Exercise :: Leave the pictures out, and transcribe the material below exactly from the line with "Металлическая коробка" to the line with "Victoria's Secret Push", both lines included.

Material for this task ::
::::
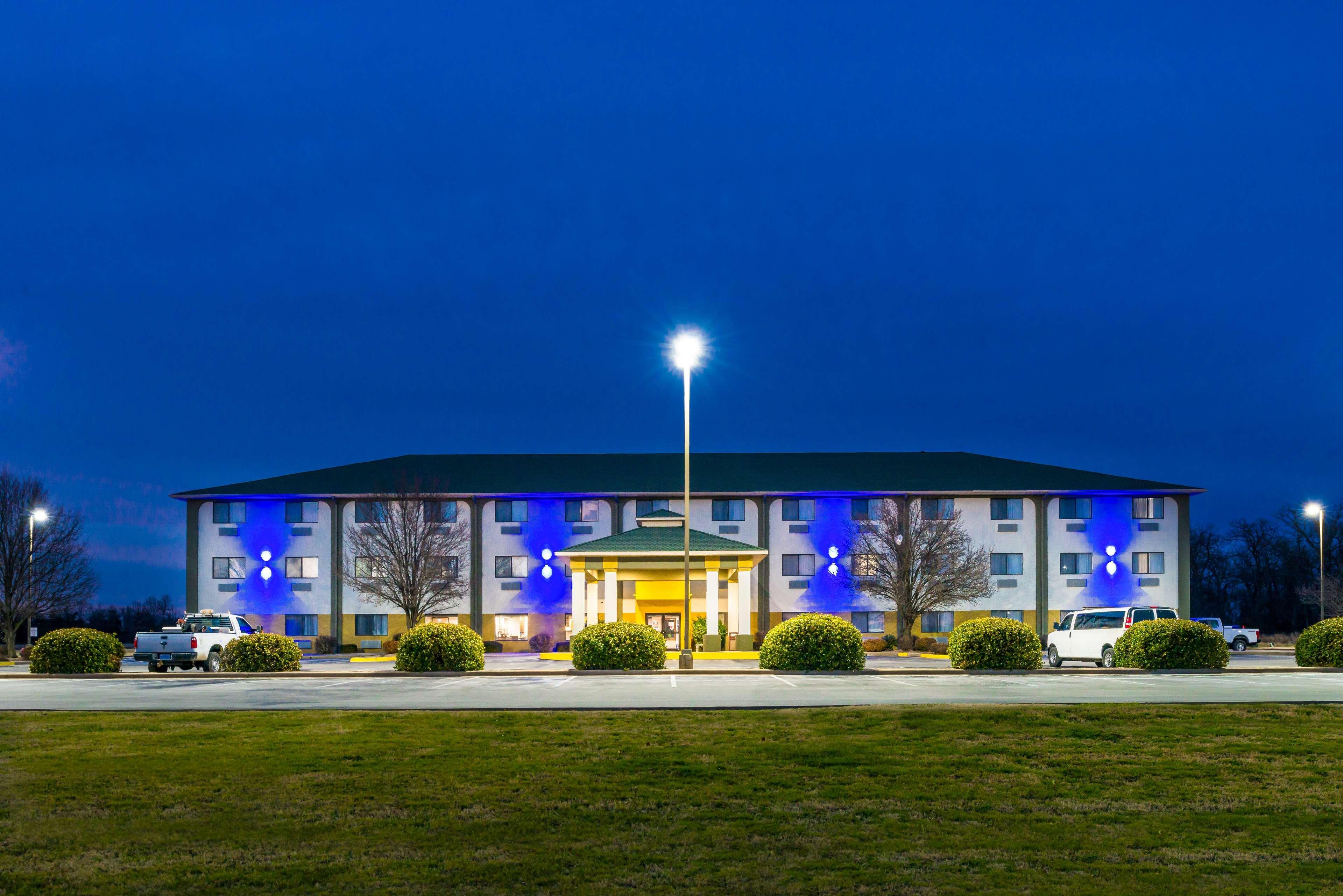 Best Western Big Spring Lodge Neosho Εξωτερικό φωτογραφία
::::
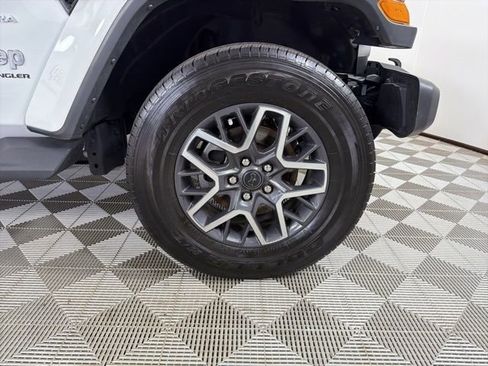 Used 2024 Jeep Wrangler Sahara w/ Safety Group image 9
::::
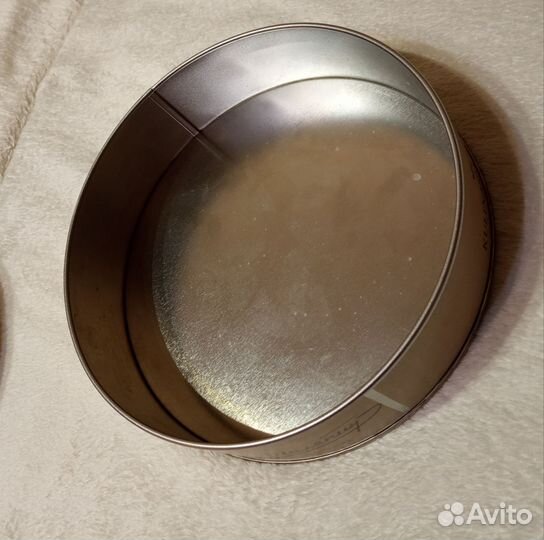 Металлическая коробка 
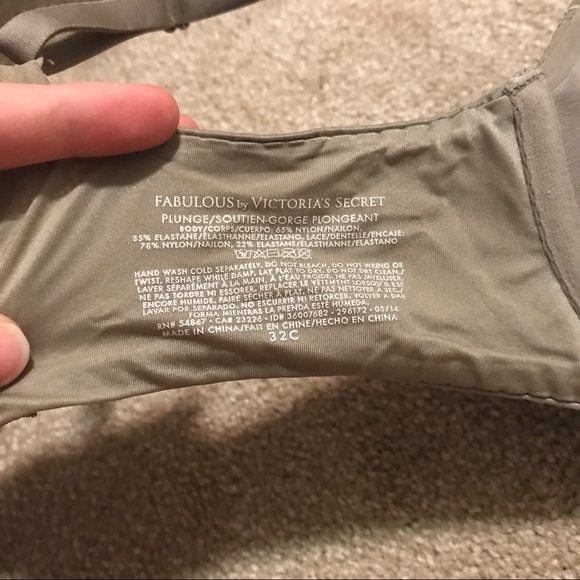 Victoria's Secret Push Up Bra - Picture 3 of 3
::::
Solution to the exercise ::
 Металлическая коробка 
 Victoria's Secret Push Up Bra - Picture 3 of 3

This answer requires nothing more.